## [Problem to solve]
The pictures in the listing below are to be skipped, while the lines between the line holding "Volvo - XC90" and the line holding "i enjoy a simple", inclusive, are to be output exactly.

## [Material for this exercise]
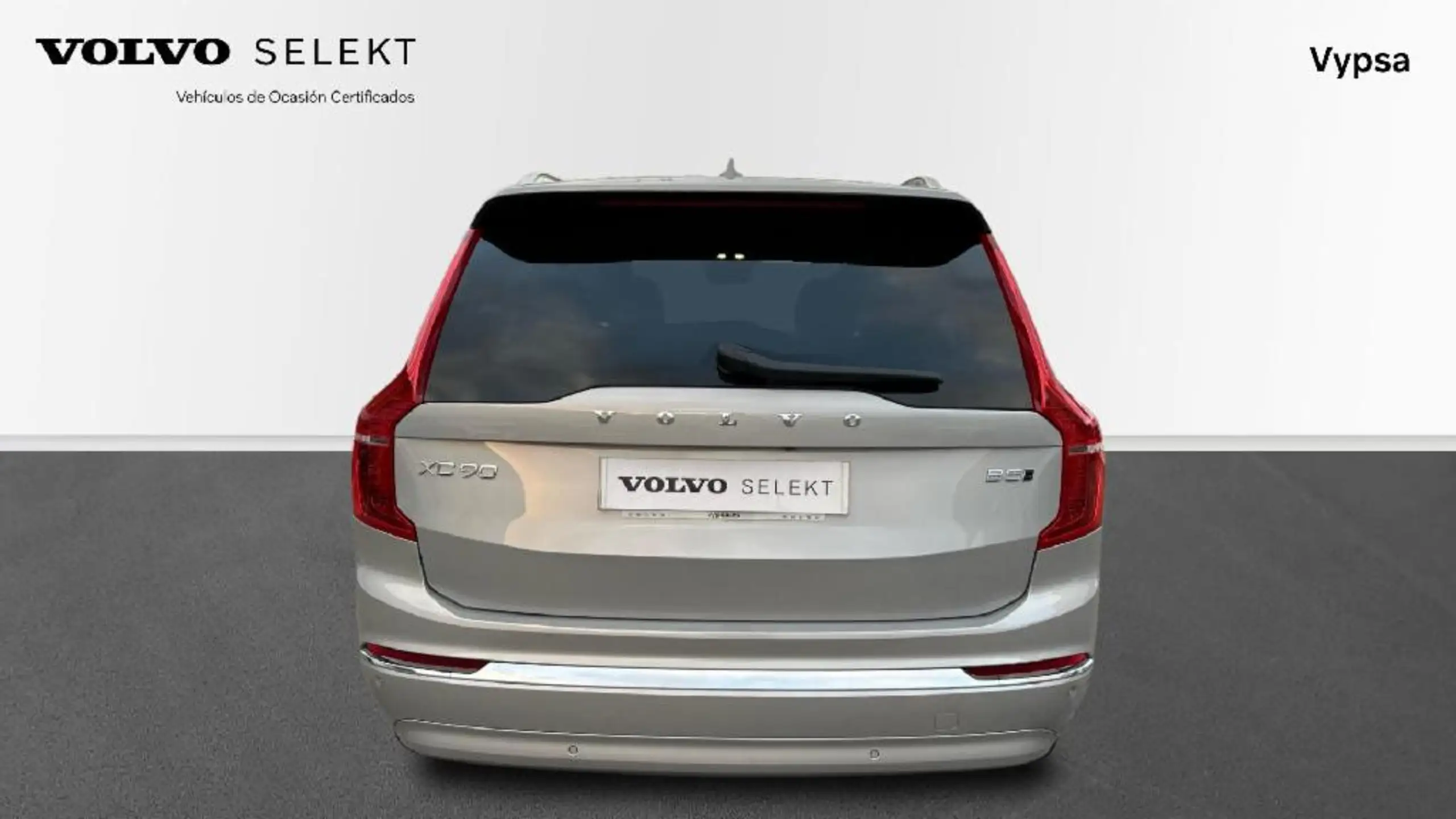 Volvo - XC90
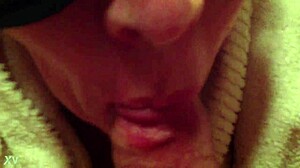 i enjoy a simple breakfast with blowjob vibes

---

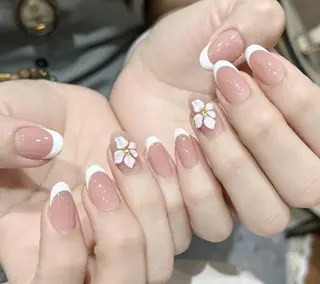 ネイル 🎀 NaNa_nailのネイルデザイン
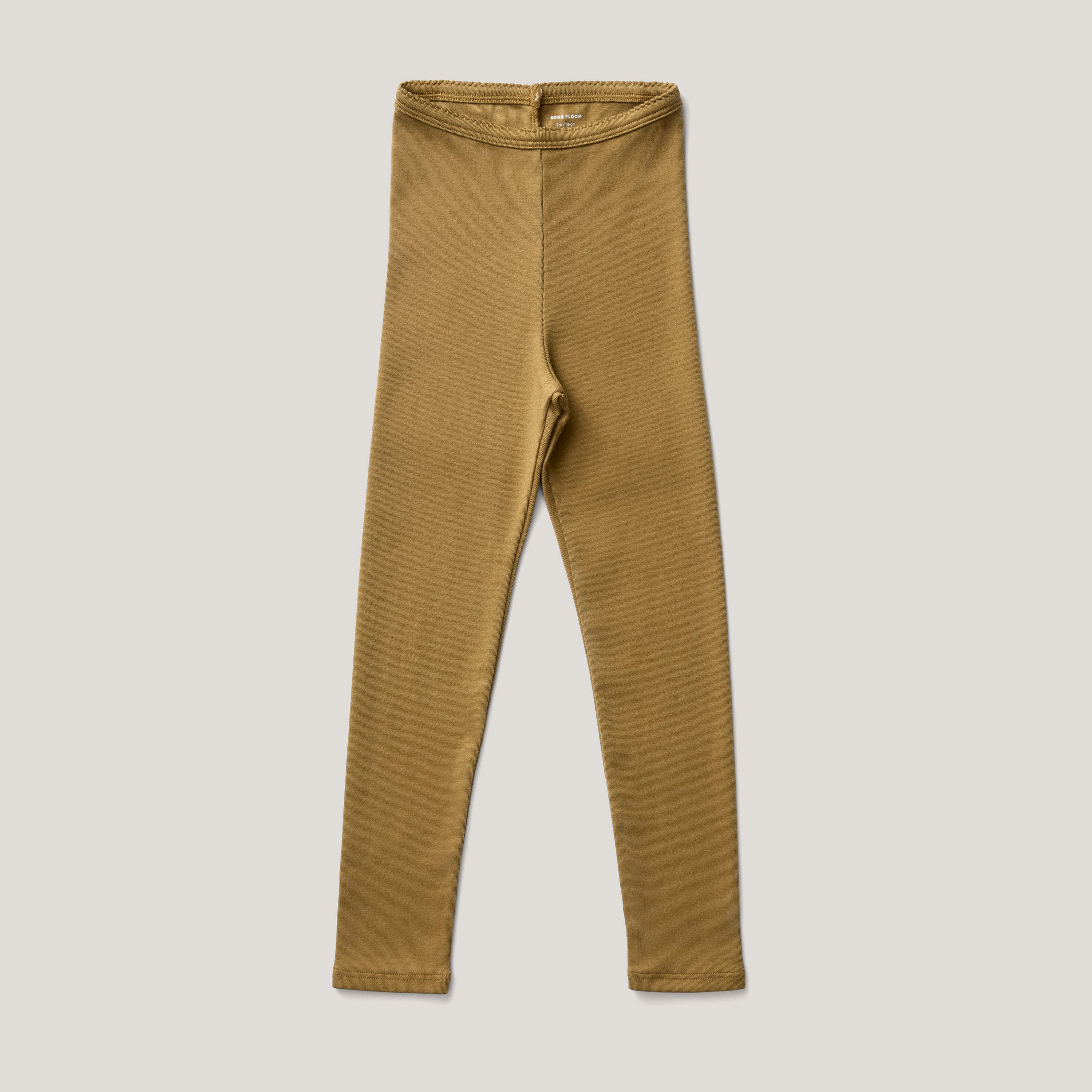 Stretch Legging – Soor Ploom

## [Response to the exercise]
 Volvo - XC90
 i enjoy a simple breakfast with blowjob vibes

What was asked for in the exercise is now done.